Ela também ressaltou a dificuldade de encontrar um doador compatível. “As chances de conseguir um doador são de 1 em 100 mil. E isso no Brasil. Nem estamos falando dos bancos internacionais”, comemorou.
Quando um doador cadastrado apresenta compatibilidade com o paciente, o Redome entra em contato para informar a possibilidade de doação e iniciar exames clínicos e avaliações complementares antes da confirmação.
Relembre
Em fevereiro, a reportagem conversou com a mãe, Denia Brant, perita da Polícia Civil de Minas Gerais (PCMG). O diagnóstico de leucemia ocorreu em novembro de 2023, quando Theo tinha 8 anos.
Após passar por sessões de quimioterapia, ele concluiu o tratamento em junho de 2024 e entrou na fase de acompanhamento.

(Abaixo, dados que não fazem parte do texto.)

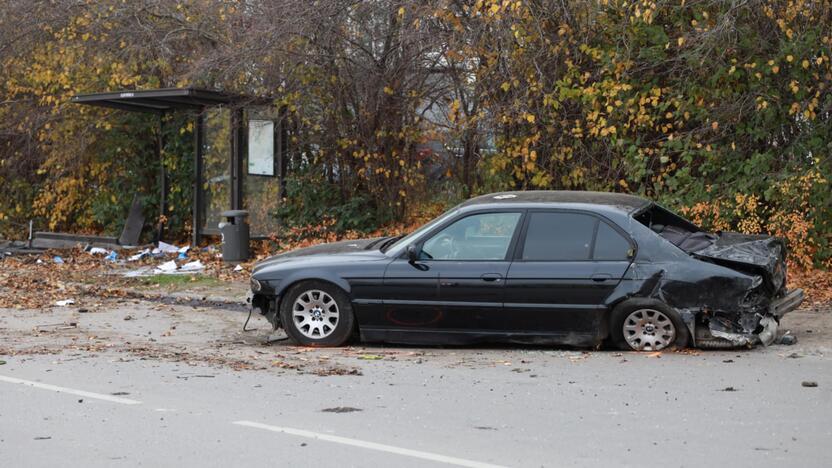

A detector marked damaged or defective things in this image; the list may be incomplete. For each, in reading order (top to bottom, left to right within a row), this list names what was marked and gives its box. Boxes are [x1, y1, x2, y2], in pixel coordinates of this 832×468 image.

No entanto, exames realizados a partir de dezembro indicaram queda nas plaquetas e, em janeiro deste ano, um mielograma confirmou o retorno das células cancerígenas. Ele foi internado e reiniciou o tratamento.
Como se trata de uma recidiva da doença, os médicos indicaram a necessidade de um transplante de medula óssea, o que motivou a campanha da família por doações e cadastros no banco de doadores.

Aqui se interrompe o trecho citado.